Город вырос, манил к себе сверкающей красотой громад, ослеплял людей великолепием, необычностью, но жить в нем… никто не соглашался. Почему?.. Так я получил задание от редактора нашего еженедельника.
Публика летела со мной самая разношерстная: здесь были цивилизованные туристы, люди в равной мере страдающие как любознательностью, так и любопытством, респектабельные искатели острых ощущений, не знающие, на чтобы еще эдакое потратить деньги, и — бродяжки, никогда таких сумм не видевшие, даже во сне, тем не менее всегда путешествующие по планете, их легко угадать по живописно неряшливьш одеждам и независимой манере поведения, смешной и печальной рядом с надменной небрежностью воротил бизнеса нашего процветающего двадцать первого века.
Тем не менее все летели в одном салоне. Компания по туризму делала бизнес, и потрясающий успех рейсов в город-идеал заставлял хозяев прессовать кастовые различия пассажиров наподобие слоеного пирога.
В салоне я обратил внимание на типов, старавшихся ничем среди прочих пассажиров не выделяться, но именно вид их безупречно белых манишек и манжет, гетр, снова вошедших в моду, вызывал подозрительность. Смокинги, бабочки, кейсы — вся непременная атрибутика именно этого сорта людей наводила меня на раздумья, что едут в город-идеал и те, кто далек от чистых помыслов и, возможно, в белых перчатках прячет обагренные чужой кровью руки, а в кейсах — отмычки, фомки и прочий воровской инструмент. Ведь как часто за внешним благородством неожиданно открывается нам бездна подлости, предательства, человеческой мерзости, которую не изжили и в нашем мире, да, наверное, и грядущие поколения не справятся: и зло, и добро ухитряется вмещать в себя человечество одновременно.
Что же может привлекать туда контрабандистов? — размышлял я. Впрочем, город-идеал проектировался как город небывалой роскоши. В его программу ухитрились втиснуть самые невообразимые пожелания людей.
Нетерпение мое и остальных пассажиров разрасталось по мере приближения к Сиэлу. И скоро, казалось, сам воздух горел огнем всеобщего возбуждения. Все слои общества смешались, никаких различий более не существовало ни у богача, ни у бедняка.
Единое «ах!» восторга прошелестело на крыльях в застывшем воздухе салона, и все приклеились лицами к стеклам иллюминаторов.
Солнце только поднималось из-за вершин гор, аэробус лег в крутой вираж, чтобы затем на воздушной подушке мягко поплыть по посадочной стреле аэропорта. И пока автопилот разворачивал машину на вираже, все пассажиры завороженно следили, как надвигается величественная панорама — остроглавый хрустальный город спорил белизной крыш со снежными вершинами гор, бравших в кольцо висящие в воздухе ленты магистралей, сады, каскады лестниц и лоджий, распахнутых солнцу.

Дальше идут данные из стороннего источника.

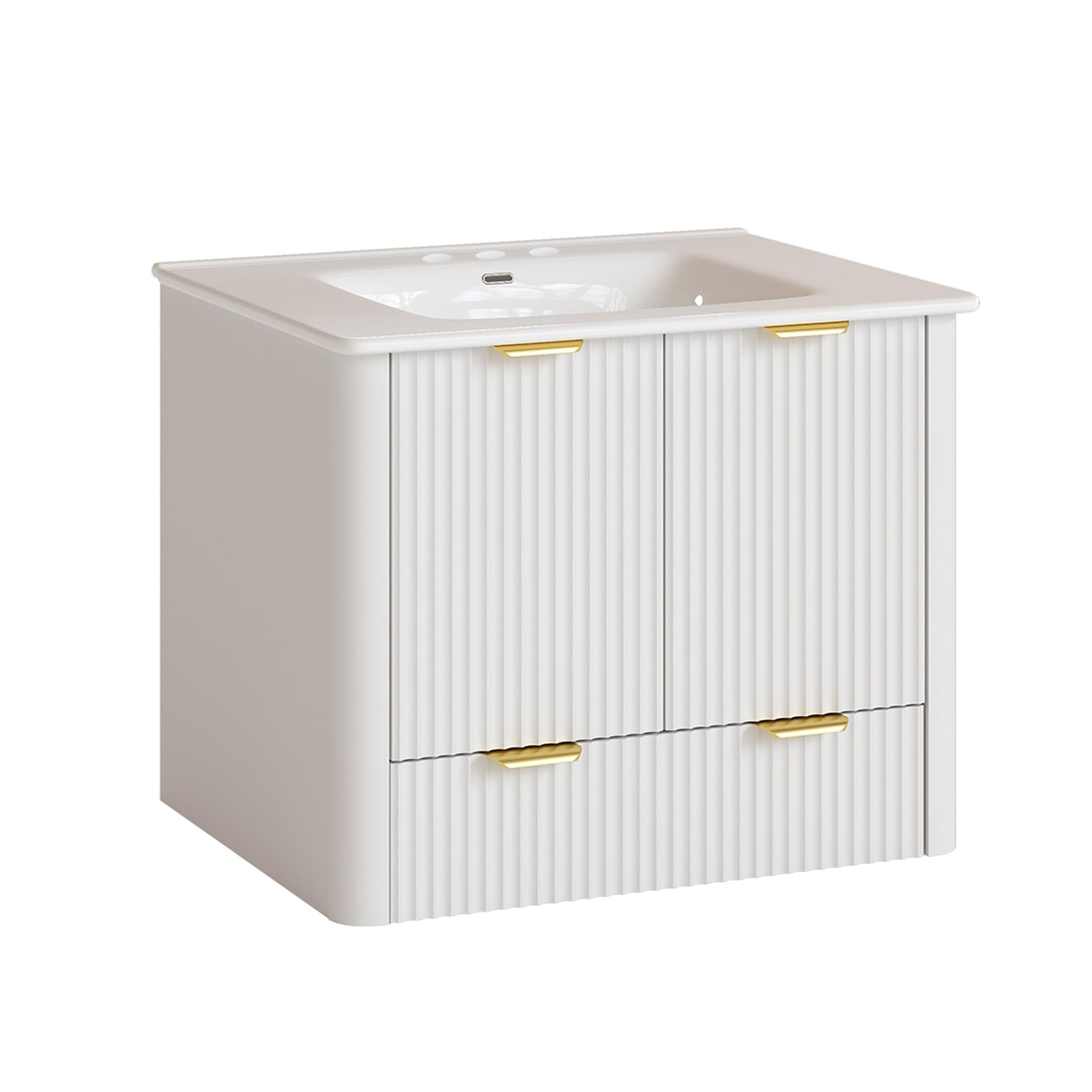 24 Inch Floating Bathroom Vanity with Sink 2 Doors 2 Drawers White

Башни средневековья и парящие крылья мембран над стадионами и торговыми площадями. Сверху, со стороны, откуда транспорт влетал в долину, город и впрямь виделся восьмым чудом света, сказочный и несказанно богатый сиянием драгоценных отделочных камней.
Все это были скромные «кирпичики» однородной массы, но — не верилось! Какая иллюзия поистине царской роскоши возникала перед взором новичка, впервые попавшего в колдовской город?! Казалось, алхимики всех веков, отовсюду прежде гонимые, собрались вопреки времени вместе и доказали миру своими чарами и бдениями над колбами и пробирками, что они нашли магический кристалл и показали людям свое могущество.,
Я ходил, потрясенный, по улицам и не мог надивиться. Что Эйфель, поразивший Париж своей башней, чудовищной для современников и прекрасной — для потомков?! Что Ле Корбюзье, одаривший человечество возможностью жить в комфортабельных практичных жилищах из бетона и стекла?! Они только заглянули в будущее, но все остались на ступеньке своего века. Но ученые нашего века смогли сотворить такое: город, который вырастает, как дерево — из семени, как живое существо — из зародыша, из яйца. Вот вам совершенная модель грядущего градостроительства! О, как угадывалось, что город-идеал творил не один архитектор, а многие архитекторы мира, известные и безымянные, современники и созидавшие до нашей эры. И множество химиков, биологов вложили мысли и сердце в программу Сиэла. Наверное, каждый из них хотел в этом городе найти уголок для себя, и я находил в нем набережные Одессы и улицы Воронежа, уголки Таллинна и башни Риги, проспекты города на Неве и древние, милые всем стены с зубцами Московского Кремля. Высились новые дома и ветшали, тронутые временем.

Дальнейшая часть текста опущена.